### [YOUR OBJECTIVE]
Write out, as an exact transcription, the line that has "Продам 2к квартиру" and each line after it through the end of the data below.
### ENTRIES SUPPLIED
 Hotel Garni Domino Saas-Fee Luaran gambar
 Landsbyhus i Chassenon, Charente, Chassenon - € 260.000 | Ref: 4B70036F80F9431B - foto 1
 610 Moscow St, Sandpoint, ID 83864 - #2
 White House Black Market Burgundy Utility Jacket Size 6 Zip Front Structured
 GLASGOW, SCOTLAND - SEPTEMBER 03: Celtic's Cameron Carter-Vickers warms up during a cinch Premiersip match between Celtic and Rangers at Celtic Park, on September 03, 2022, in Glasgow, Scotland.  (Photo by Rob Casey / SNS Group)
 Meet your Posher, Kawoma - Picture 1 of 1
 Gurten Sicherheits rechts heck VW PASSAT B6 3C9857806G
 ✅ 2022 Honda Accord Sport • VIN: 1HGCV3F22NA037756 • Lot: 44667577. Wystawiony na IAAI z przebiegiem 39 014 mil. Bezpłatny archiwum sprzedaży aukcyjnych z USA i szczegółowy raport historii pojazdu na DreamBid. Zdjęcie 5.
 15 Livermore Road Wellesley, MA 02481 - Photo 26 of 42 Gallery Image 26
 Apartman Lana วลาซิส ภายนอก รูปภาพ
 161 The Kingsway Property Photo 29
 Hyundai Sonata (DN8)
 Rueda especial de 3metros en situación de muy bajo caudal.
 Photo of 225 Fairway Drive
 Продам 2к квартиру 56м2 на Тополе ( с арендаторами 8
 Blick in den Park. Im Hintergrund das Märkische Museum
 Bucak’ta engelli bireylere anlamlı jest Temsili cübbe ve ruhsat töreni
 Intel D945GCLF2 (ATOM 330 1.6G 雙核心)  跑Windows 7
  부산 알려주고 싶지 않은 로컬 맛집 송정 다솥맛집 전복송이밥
######
### [RESPONSE BOX]
 Продам 2к квартиру 56м2 на Тополе ( с арендаторами 8
 Blick in den Park. Im Hintergrund das Märkische Museum
 Bucak’ta engelli bireylere anlamlı jest Temsili cübbe ve ruhsat töreni
 Intel D945GCLF2 (ATOM 330 1.6G 雙核心)  跑Windows 7
  부산 알려주고 싶지 않은 로컬 맛집 송정 다솥맛집 전복송이밥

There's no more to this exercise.